Each year more than 2,400 teachers participate in NEH-sponsored workshops and institutes on topics ranging from interactions between Native Americans and colonists in early America to Melville’s Moby-Dick within the context of the 19th-century whaling industry—professional development that translates into enriched educational experiences for some 350,000 students across America.
Long-term projects such as the NEH-supported Chronicling America database of historic newspapers at the Library of Congress provide free online access to 16 million pages of digitized newspapers documenting America’s past. And grant programs like NEH Dialogues on the Experience of War enlist the humanities in helping military veterans and their families come together to discuss difficult issues raised by war and military service.

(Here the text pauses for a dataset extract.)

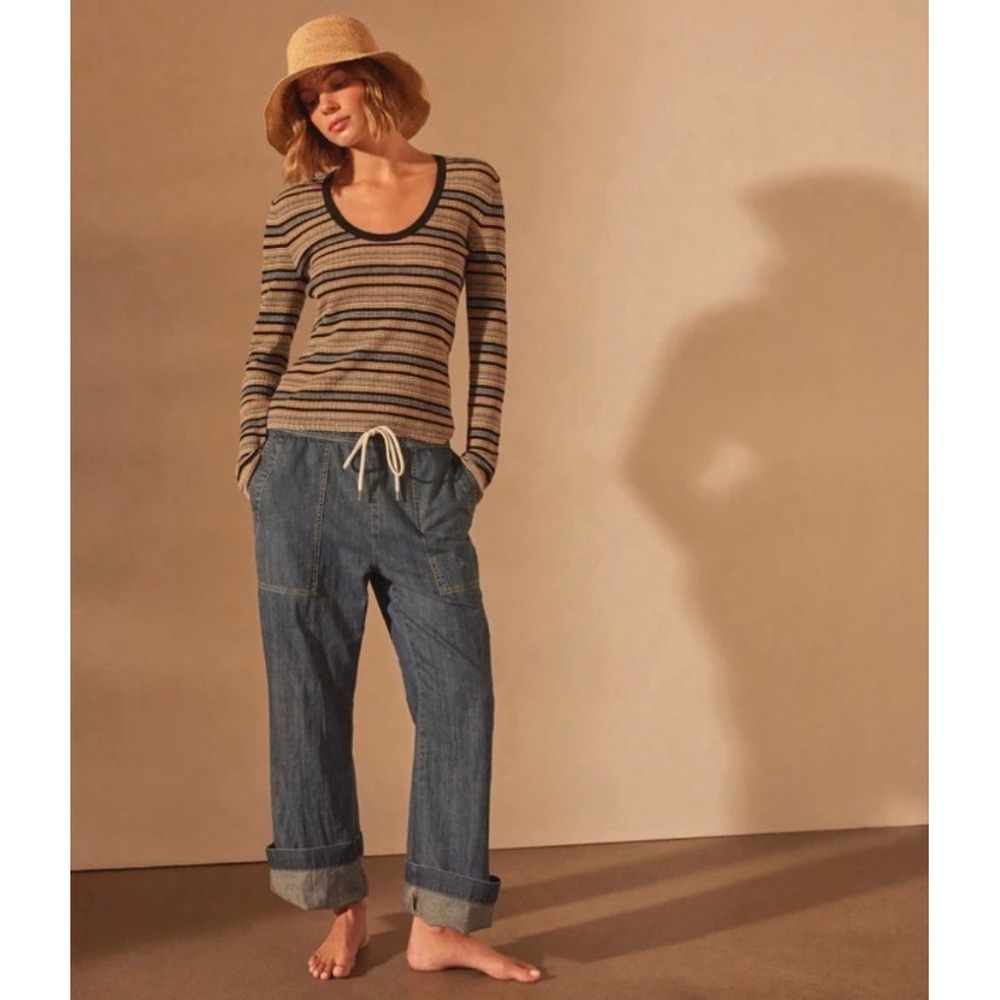 James Perse‎ Wide Leg Pull On Drawstring Lightweight Denim Pant Blue 0 / XS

NEH grants have reached every part of the United States and provided humanities programs and experiences to benefit all of our citizens. They have supported Chasing the Moon, the landmark PBS documentary on the U.S. space race, and PBS American Masters’s Worlds of Ursula K. Le Guin. They have enabled re-installation of a permanent exhibition on Mississippi’s art and history at the Mississippi Museum of Art and brought major exhibitions on Korean calligraphy to the Los Angeles County Museum of Art and on the Vietnam War to the National World War I Museum and Memorial in Kansas City.

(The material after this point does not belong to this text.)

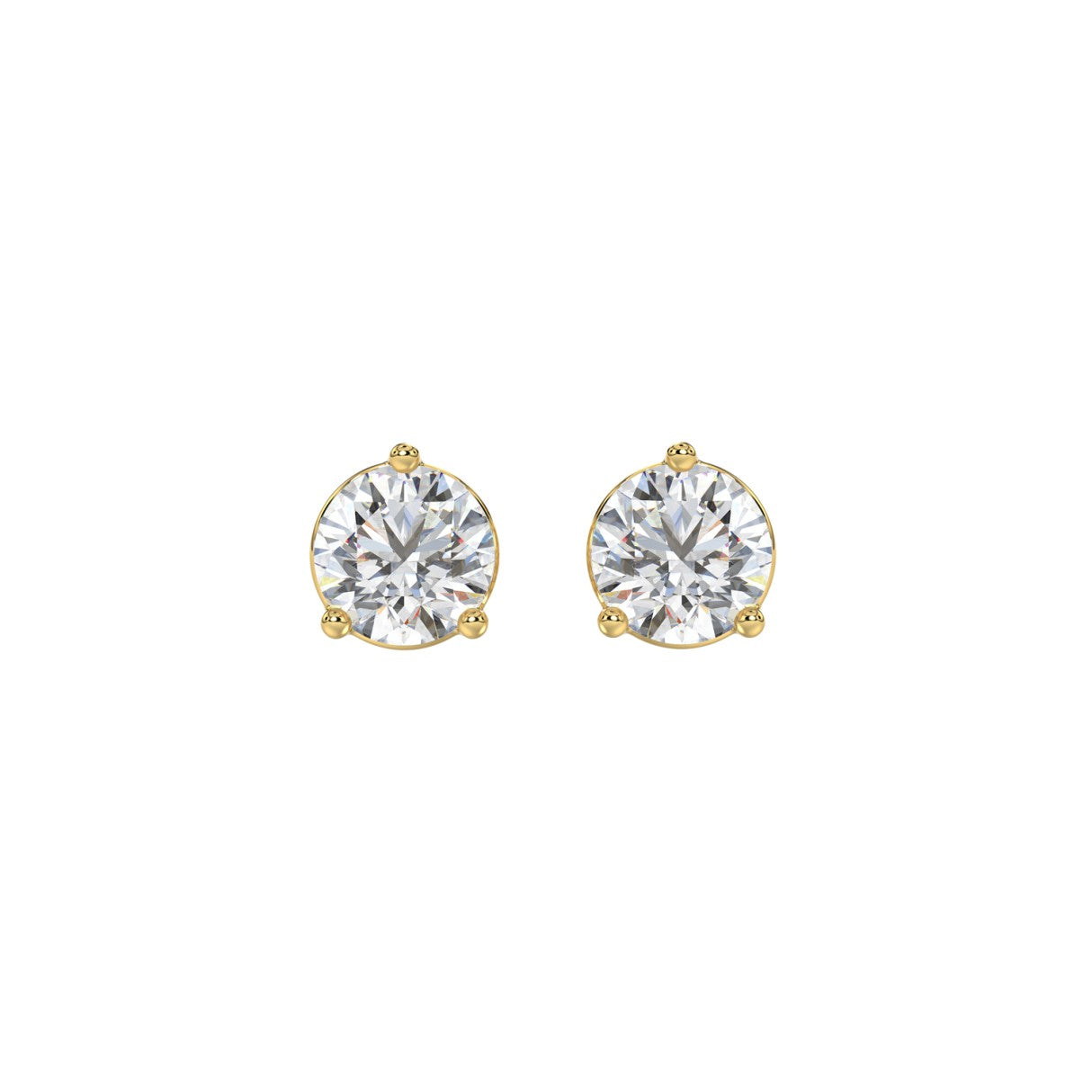 2 CTW round lab-grown diamond stud earrings in yellow gold front view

They support innovative digital projects in the humanities, including the creation of an immersive educational game based on the writings of Henry David Thoreau, and development of computerized techniques to recover previously undecipherable writings from the Herculaneum library scrolls that were carbonized during the eruption of Mount Vesuvius in 79 CE. NEH grants have allowed the Hill Museum & Manuscript Library in Minnesota to provide digital access to endangered ancient religious manuscripts from the Middle East, Africa, and Europe, and supported the preservation and revitalization of endangered Native American languages.
Through these projects and thousands of others, the National Endowment for the Humanities has inspired and preserved what is best in American culture.
NEH applicants, grantees, and panelists should consult this FAQ for information about current NEH operations and grant awards.
National Endowment for the Humanities: Created in 1965 as an independent federal agency, the National Endowment for the Humanities supports research and learning in history, literature, philosophy, and other areas of the humanities by funding selected, peer-reviewed proposals from around the nation. Additional information about the National Endowment for the Humanities and its grant programs is available at neh.gov.